Конечно, английская жизнь и история развивались иначе, чем русская: англичане много веков не знали такого повального истребления домов, какое происходило в России. Поэтому для англичанина дом вполне мог казаться чем-то несокрушимым – таким же, как камни, из которых он сложен. В России же, где едва ли не каждое поколение видело, как на месте селений чернеют, дымясь, пепелища, – в России трудней было видеть в доме незыблемую опору. Библейское выражение: «Не собирайте себе сокровищ на земле, где тля тлит, и воры подкапывают и крадут» – в России вполне могло быть дополнено своим, выстраданным: «…и где дома обращаются в пепел…»

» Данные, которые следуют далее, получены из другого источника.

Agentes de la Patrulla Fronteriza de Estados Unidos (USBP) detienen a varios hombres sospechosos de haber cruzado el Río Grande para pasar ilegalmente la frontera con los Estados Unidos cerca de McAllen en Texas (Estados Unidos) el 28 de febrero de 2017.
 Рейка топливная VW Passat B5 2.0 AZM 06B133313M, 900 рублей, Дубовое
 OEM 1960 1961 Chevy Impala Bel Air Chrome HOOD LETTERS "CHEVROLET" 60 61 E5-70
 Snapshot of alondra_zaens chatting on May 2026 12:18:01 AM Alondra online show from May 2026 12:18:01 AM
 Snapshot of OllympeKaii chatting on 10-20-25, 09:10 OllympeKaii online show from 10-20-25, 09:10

Но и в России мечта о доме не умирала. И вот как раз дачное движение, охватившее страну во второй половине 20-го века, тому яркий пример. Люди, которым суровое государство (всегда норовившее больше брать, чем давать) неожиданно выделило дармовые шесть соток, – люди как обезумели от привалившего на их долю счастья. И хоть земля этих дач формально оставалась за государством, всё равно миллионы людей, забывая про отдых и сон, кинулись воплощать ту мечту, что всегда жила в их сердцах. Кто помнит, во что превращались пригородные автобусы и электрички по выходным дням, думаю, согласится со мной: это было какое-то общенародное помешательство. Никакими соображениями практической выгоды нельзя было объяснить тот порыв, который заставлял людей, в большинстве своём немолодых, взваливать на спины мешки, рюкзаки и корзины, хватать лопаты и тяпки и штурмовать двери переполненного вагона, опасаясь, что очередной поезд в рай отправится – не дай Бог! – без них.